George Krause, a manager of other theatres, with financial backing of Tammany Hall politician Timothy D. Sullivan, built Schley Music Hall at 112 West 34th Street, on the south side of the street, and west of Broadway. The site adjoined the Herald Square Hotel. It had a frontage of 18 feet on 34th Street, and 50 feet on 33rd Street. It seated about 840, but the floor chairs were folding chairs.

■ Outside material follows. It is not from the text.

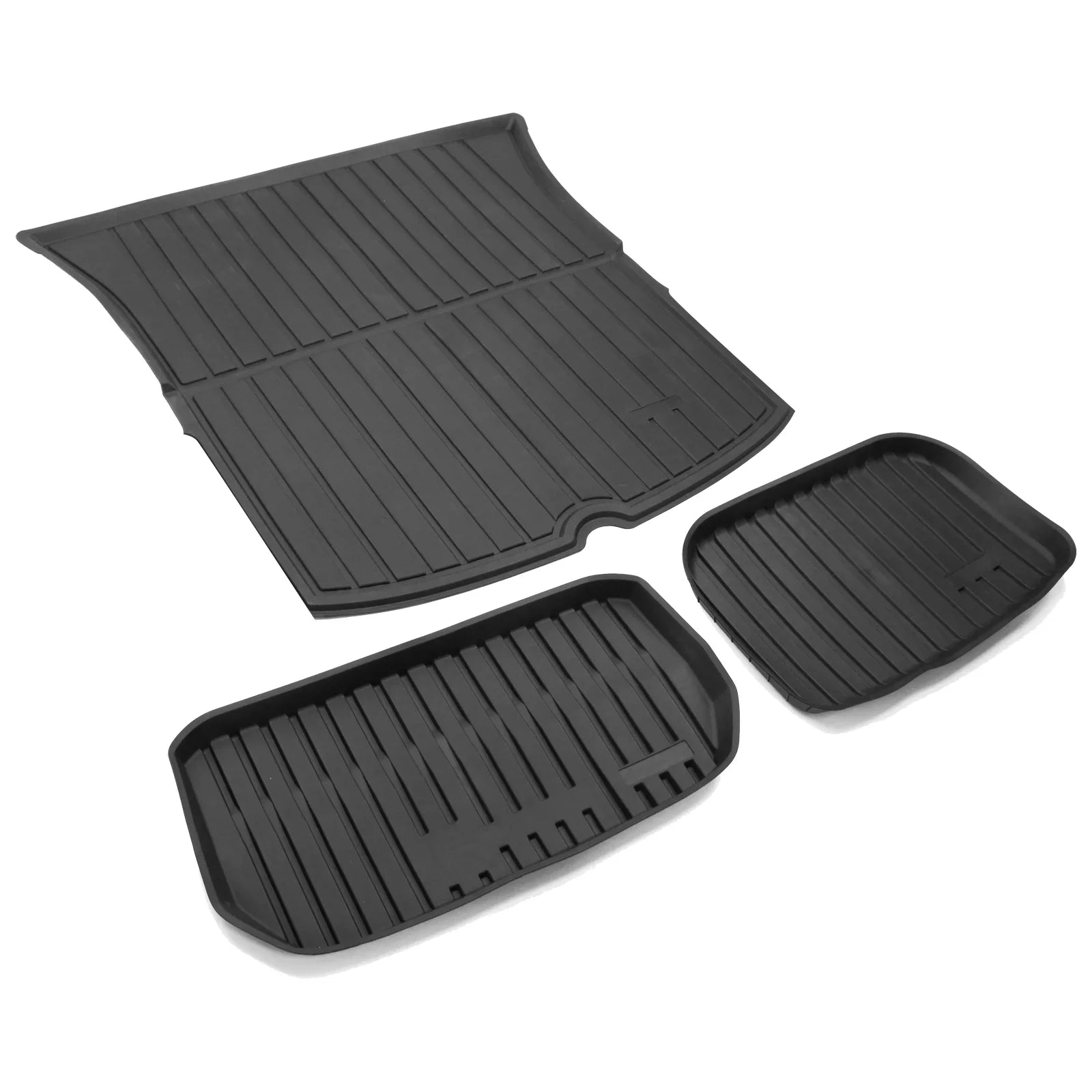 Ikon Motorsports Trunk Mats Cargo Liner Matching with 2020-2023 Tesla Model Y Black Injection TPE All Condition Waterproof Anti-Slip Frunk Trunk Under Cargo Storage Liner Mat Interior Accessories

It opened on February 26, 1900, aiming to show vaudeville and burlesque fare. Kraus immediately sold out his stake to New York Yankees owner Frank J. Farrell, and the venue closed on April 29. Under a new lease by Alfred Aarons, the house reopened on October 8, 1900, as the Savoy Theatre. Aarons only lasted until early February 1901, and Hyde and Behman then leased it, followed by Charles Frohman and Frank McKee, who started performances on September 21, 1901. Notable runs included Mrs. Wiggs of the Cabbage Patch (Sept. 1903-Jan. 1905, 150 perf.), and The Man of the Hour by George Broadhurst (Dec. 1906-Jan. 1908, 479 perf.) starring Douglas Fairbanks.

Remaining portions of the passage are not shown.